[WBEL-users] No chkconfig or ifconfig commands?

Jamey Fletcher jamey at beau.org
Sun Jul 16 14:51:34 CDT 2006


Terry Henderson wrote:
> On 7/1/06, Johnny Hughes <mailing-lists at hughesjr.com> wrote:
>> On Fri, 2006-06-30 at 17:59 -0500, Jeffery Mathis wrote:
>> > I am trying to configure a DNS server using WBEL, but when I run the
>> > chkconfig or ifconfig commands, I get "command not found".  I'm new to
>> > WBEL, but I do have prior experience with Red Hat and CentOS.  What is
>> > going on here?  Does WBEL use different commands or something?

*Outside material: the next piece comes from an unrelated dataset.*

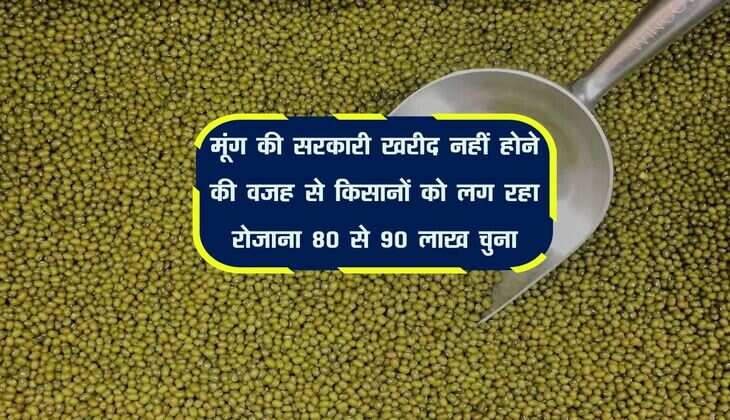मूंग की सरकारी खरीद नहीं होने की वजह से किसानों को लग रहा रोजाना 80 से 90 लाख चुना, 1500 रुपए प्रति क्विंटल हो रहा घाटा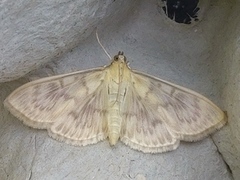 Mother of Pearl (Patania ruralis)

>> Maybe you did not login with root in a way that gives you full
>> environment variables.

>> Normally, administration is done as the root user and not another user,
>> and you can get to be root in a couple ways.

>> The most common is to open a terminal and use the su (switch users)
>> command.  When using "su", you need to use a "-" with the command to get
>> all the user's environment variables (including the PATH):

>> so to become "root" with all variables set ....

>> su -

>> OR

>> su - root

>> If you use su by itself without the the "-" {ie, "su" or "su root"} you
>> will have root privileges but will stay in your current directory and
>> not have all environment variables (like root's PATH).

> Another sonetimes handy option:
> "su -m" affords full environment variables, (like root's PATH), but
> will leave you in current directory.


The trick is to know just what those switches do.

su without a switch (just the name of the user being switched to, 
defaults to root if not specified) does *nothing* but change the 
effective user ID and create a new shell session, I'm guessing with
the same shell the user was using before.

su with the -m switch (see above about user name) preserves the 
*PREVIOUS* environment you had - and is actually the default action, 
normally.

su with just a dash (see above about user name) starts up a login 
session for that user, so .profile, .bashrc, .bash_profile, etc. all get 
run [assuming bash is the root user's shell].  I believe that if root 
has a different shell as its default login shell, say ash or busybox, 
then that is what shell would come up.

This stuff can be tricky, and it's got a lot of years of bullshit crap 
piled up as cruft, so you have to watch out.  A lot of documentation out 
there tells you to add parameters to the X command in the startx script 
on your system - but startx hasn't *BEEN* a script in quite some time now.